What they do is technically illegal, but the jafagirls’ street art is tolerated, even beloved by many. Yet, they have had a few critics. “One day somebody was harassing us, giving us a little grief about putting knitting on the tree. A police officer ran him off and helped us install the yarnbombing,” Bayraktaroglu said.

Two years ago, a group of residents in Dayton’s Oregon District had their own experience with people who question the art form.

The Oregon Stitchers, as they call themselves, did an installation on the poles at the intersection of 5th and Jackson streets. The yarnbombing became the center of a social media fray about how the district wanted to promote itself.

“The Oregon District is a very close-knit neighborhood but like any family we argue from time to time, and this was a topic that sparked heated debate,” said Oregon Stitchers member Tonia Fish.

“Knit graffiti is a temporary form of street art that does not cause any damage to property,” Fish said. “Originally for our group, it was about feminine urban reclamation and making cold spaces warm.”

“We wanted to give 5th Street a big hug,” Fish said.

As reported in an Aug. 10, 2010, Dayton Daily News story titled “Opinions differ over public art,” Mayor Gary Leitzell went on the record on a blog called Delectable Dayton, saying, “The anti-knitters and the pro-knitters need to communicate with each other and have a dialogue about what they each expect the Oregon Arts District to become.”

“You would think the sky was falling because of a bit of yarn on a pole,” Bayraktaroglu said about the public disagreement.

Eventually the knitting came down, but that didn’t unravel the Oregon Stitchers.

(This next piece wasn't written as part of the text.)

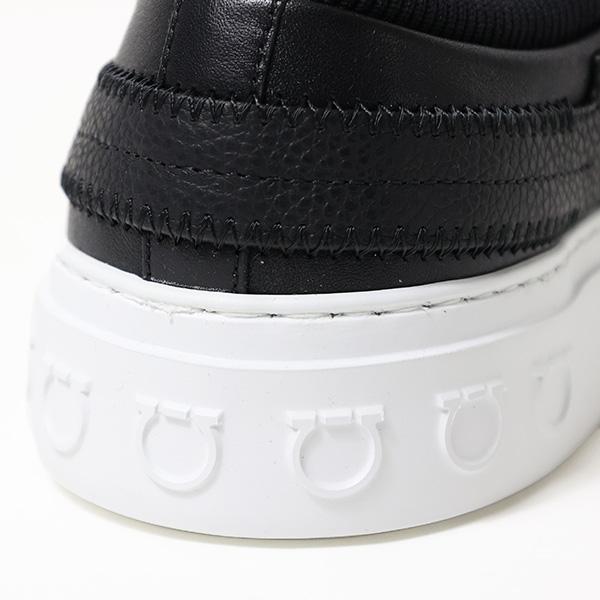 未使用✨サルヴァトーレフェラガモ　レザースニーカー　ガンチーニ　ブラック Salvatore Ferragamo (サルヴァトーレフェラガモ) レザー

“After the controversy the group was approached to do custom installations for various businesses in the District, including Blind Bobs,” Fish said. “Blind Bobs asked for the knit bomb on their pole and they took good care of it. Throughout the year, other knit bombs popped up around the District but they were not made by our group.”

The Oregon District Business Association did not return the Dayton Daily’s call for its perspective on the scrap over the 2010 installation.

Even so, that’s not the end of this yarn.

The Dayton Art Institute is featuring on its campus a collaborative installation of yarnbombing by the jafagirls and their friends, the Bombshells of Cincinnati.

The jafagirls planned the installation with Mary Beth Whitley, associate educator for school and teacher services at the museum, and spent six weeks getting ready for it. “It was a big project that Corrine and I put our hearts into,” Mellon said.

The DAI had been looking for something to complement its You are My Superhero exhibition (open through Sept. 23), which includes the work of Michigan-based artist Mark Newport, who knits superhero costumes. The museum wanted something that would allow people to feel engaged, said Michael Roediger, executive director of the DAI.

So in the spirit of collaboration, the installation encouraged other local yarnbombers to participate.

“It was meant for the whole yarnbombing community,” Mellon said. “A general call went out for any yarnbomber to come and yarnbomb the lawn at the DAI.”

According to Roediger, it is the first ever installation of street art at the museum. “The word ‘bombing’ often has a negative connotation,” Roediger said. “But this type is a fun bombing.”

The project grew organically, and there was a last-minute inspiration for additional delight. The jafagirls bombed the big sculpture called Chief Massasoit for the DAI’s Super Hero Costume Ball. The sculpture’s costume included a mask, a cape and a wrist cuff.

As for the Bombshells, they’ve have been around since March of 2011 and credit Yellow Springs’ jafagirls as their mentors.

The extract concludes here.